3) Added support for USES YMM registers on stackbase:RBP (RSP already featured support for YMM and ZMM).

Cheers,
John and Habran


aw27

I have something here for you guys.

option casemap:none
option frame:auto
OPTION WIN64:15
OPTION ARCH:SSE
OPTION STACKBASE:RSP

.code

proc1 proc public FRAME uses xmm6 xmm7 xmm8 xmm9 xmm10 rsi rdi r12 cols: qword, rows : qword
   dec rows
   .if rows>=1
      invoke proc1, cols, rows
   .endif
   ret
proc1 endp

end

It disassembles to:
proc1:
000000013F611020  mov         qword ptr [rsp+8],rcx 
000000013F611025  mov         qword ptr [rsp+10h],rdx 
000000013F61102A  push        rsi 
000000013F61102B  push        rdi 
000000013F61102C  push        r12 
000000013F61102E  sub         rsp,70h 
000000013F611032  movdqa      xmmword ptr [rsp+20h],xmm6 
000000013F611038  movdqa      xmmword ptr [rsp+30h],xmm7 
000000013F61103E  movdqa      xmmword ptr [rsp+40h],xmm8 
000000013F611045  movdqa      xmmword ptr [rsp+50h],xmm9 
000000013F61104C  movdqa      xmmword ptr [rsp+60h],xmm10 
000000013F611053  dec         qword ptr [rsp+98h] 
000000013F61105B  cmp         qword ptr [rsp+98h],1 
000000013F611064  jb          proc1+5Bh (13F61107Bh) 
000000013F611066  mov         rcx,qword ptr [rsp+90h] 
000000013F61106E  mov         rdx,qword ptr [rsp+98h] 
000000013F611076  call        proc1 (13F611020h) 
000000013F61107B  movdqa      xmm6,xmmword ptr [rsp-30h] 
000000013F611081  movdqa      xmm7,xmmword ptr [rsp-20h] 
000000013F611087  movdqa      xmm8,xmmword ptr [rsp-10h] 
000000013F61108E  movdqa      xmm9,xmmword ptr [rsp] 
000000013F611094  movdqa      xmm10,xmmword ptr [rsp+10h] 
000000013F61109B  add         rsp,70h 
000000013F61109F  pop         r12 
000000013F6110A1  pop         rdi 
000000013F6110A2  pop         rsi 
000000013F6110A3  mov         rsi,qword ptr [rsp+18h] 
000000013F6110A8  mov         rdi,qword ptr [rsp+20h] 
000000013F6110AD  ret 

As you see it will corrupt the rsi and rdi registers.


johnsa

Got it, working on it right now, did you happen to check if it was all fine with RBP ? (I gave it a quick check with stackbase:rbp and that seems ok ).

johnsa

Ok, packages on the site updated and git.

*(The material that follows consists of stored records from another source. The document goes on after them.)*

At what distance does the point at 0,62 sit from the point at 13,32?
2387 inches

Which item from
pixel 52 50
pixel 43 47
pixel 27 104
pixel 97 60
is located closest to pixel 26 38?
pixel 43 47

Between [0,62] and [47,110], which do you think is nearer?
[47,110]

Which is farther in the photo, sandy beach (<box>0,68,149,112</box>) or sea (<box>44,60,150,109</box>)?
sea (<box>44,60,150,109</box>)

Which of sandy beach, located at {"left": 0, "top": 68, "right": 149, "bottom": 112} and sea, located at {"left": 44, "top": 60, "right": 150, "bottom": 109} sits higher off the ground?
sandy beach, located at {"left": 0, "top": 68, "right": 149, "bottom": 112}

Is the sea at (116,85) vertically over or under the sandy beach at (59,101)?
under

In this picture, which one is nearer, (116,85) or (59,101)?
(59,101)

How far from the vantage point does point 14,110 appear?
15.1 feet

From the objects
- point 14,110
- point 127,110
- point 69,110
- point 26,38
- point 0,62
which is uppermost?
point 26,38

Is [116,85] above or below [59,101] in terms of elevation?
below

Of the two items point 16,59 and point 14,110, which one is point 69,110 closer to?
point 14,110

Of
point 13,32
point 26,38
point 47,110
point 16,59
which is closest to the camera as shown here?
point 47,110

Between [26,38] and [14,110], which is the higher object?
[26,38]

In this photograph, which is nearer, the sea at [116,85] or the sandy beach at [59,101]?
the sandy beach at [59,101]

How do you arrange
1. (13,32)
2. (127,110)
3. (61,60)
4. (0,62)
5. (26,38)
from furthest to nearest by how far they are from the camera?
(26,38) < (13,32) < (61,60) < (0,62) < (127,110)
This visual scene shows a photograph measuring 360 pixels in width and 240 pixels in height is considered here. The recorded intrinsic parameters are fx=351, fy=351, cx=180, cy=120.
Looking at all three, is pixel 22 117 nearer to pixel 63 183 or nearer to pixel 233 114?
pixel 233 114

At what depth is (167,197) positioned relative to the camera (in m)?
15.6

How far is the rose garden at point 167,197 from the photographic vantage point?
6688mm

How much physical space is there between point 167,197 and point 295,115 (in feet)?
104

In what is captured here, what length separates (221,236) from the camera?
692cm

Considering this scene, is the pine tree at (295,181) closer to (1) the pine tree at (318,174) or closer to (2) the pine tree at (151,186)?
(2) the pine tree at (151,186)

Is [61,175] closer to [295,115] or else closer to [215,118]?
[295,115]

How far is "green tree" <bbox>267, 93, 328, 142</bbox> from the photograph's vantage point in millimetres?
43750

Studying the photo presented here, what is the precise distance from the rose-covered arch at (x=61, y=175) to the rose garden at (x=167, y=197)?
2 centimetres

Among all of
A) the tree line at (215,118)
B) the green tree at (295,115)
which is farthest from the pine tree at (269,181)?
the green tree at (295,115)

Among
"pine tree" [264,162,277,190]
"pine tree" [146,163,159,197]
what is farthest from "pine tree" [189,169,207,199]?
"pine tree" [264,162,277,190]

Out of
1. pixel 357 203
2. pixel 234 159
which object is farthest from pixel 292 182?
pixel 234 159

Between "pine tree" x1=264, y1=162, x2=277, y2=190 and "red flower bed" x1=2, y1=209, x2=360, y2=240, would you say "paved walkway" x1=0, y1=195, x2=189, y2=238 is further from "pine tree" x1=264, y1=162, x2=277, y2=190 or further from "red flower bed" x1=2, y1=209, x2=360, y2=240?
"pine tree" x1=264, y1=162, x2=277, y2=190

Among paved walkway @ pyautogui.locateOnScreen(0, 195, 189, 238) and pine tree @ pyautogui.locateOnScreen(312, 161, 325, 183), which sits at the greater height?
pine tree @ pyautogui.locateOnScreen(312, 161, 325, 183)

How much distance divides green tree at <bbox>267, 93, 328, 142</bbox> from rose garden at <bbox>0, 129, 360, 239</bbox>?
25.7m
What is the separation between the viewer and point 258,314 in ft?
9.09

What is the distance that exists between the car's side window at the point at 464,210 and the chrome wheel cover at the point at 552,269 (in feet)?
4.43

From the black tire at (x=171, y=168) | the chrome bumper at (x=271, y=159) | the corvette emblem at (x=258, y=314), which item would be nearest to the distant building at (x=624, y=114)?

Please try again.

Vortex

Hi johnsa,

Thanks for the new release. The rbp based stack frame works fine :

option casemap:none
option win64:3


johnsa

Please grab the packages again, there were a few problems with stackbase:rsp.

Thanks,
John

coder

I warned you guys some time ago about the complexity of what you guys are trying to achieve. I've never actually tried HJWASM but I can tell you from a Decision Table point of view, you guys are going 6x6 depths or even deeper as you introduce more and more parameters into your calling conventions. Worse than that, you're going to need 2 to 4 different decision tables. By the time you managed to 'solve' it (hopefully), it will become way too complicated and extremely not portable.

And btw, you guys haven't given enough credits to aw27. He may sound hostile, but he's the one pointing to you all the right things and saved you lots of years of future bugs. If I were you, I would suggest aw27 be part of the HJWASM team.

aw27

Quote from: coder on April 13, 2017, 03:23:22 PM
If I were you, I would suggest aw27 be part of the HJWASM team.
No way, I have already enough cans of worms to deal with.  :badgrin:

johnsa

He's been a big help pointing out stuff! All credit due.  :t

But really that's the whole point of something like this, if people don't use it and don't tell us when things need fixing, they won't get fixed. The difference in our approach, and hopefully it's beneficial is that we're quite agile and can release updates often in an hour or less after spotting something, I don't think any other compiler/assembler would have such a fast turn-around. That being said often the updates are to fix things that shouldn't really be issues in the first place but that is the state of affairs with something this complex and without a massive set of automated regression tests. The ones that jwasm had are no longer fit for purpose and it really requires a massive effort to create a set of all-encompassing tests.

We've refactored a lot of the code around these options and calling conventions into totally separate code-paths (since 2.24) specifically for that reason. The functions were unmanageable and trying to handle all configurations in one which meant a slight change to address an RSP issue broke RBP and so on.. now that they're separated they won't cause regressions with each other. So I agree it's very complex, but I don't think it's in anyway not portable. We're not adding anything which isn't part of the fundamental requirements of the standards and calling conventions as they exist. Either you support it fully and properly, or not at all in which case you might as well just have ML64.

Further more, the "complicated" that you refer to is par for the course in writing a compiler/assembler .. the point is to move to "complicated" into the assembler so that the programmer/user doesn't have to deal with it when writing code, that is a trade-off I'm happy to make.. I for one just want to use PROCS, have things aligned, access locals/parameters and get on with my code knowing that it "just works" and is optimal (with a few options that I can change if required, but kept to a minimum).

jj2007

Quote from: coder on April 13, 2017, 03:23:22 PMI've never actually tried HJWASM

I have been working with JWasm and HJWasm for more than seven years now (proof), on a daily basis. I am really grateful that Johnsa & Habran develop this tool further, especially since M$ ML has dropped some essential features in the 64-bit version. I am also grateful that aw27 keeps posting helpful advice on the "worms" in the can.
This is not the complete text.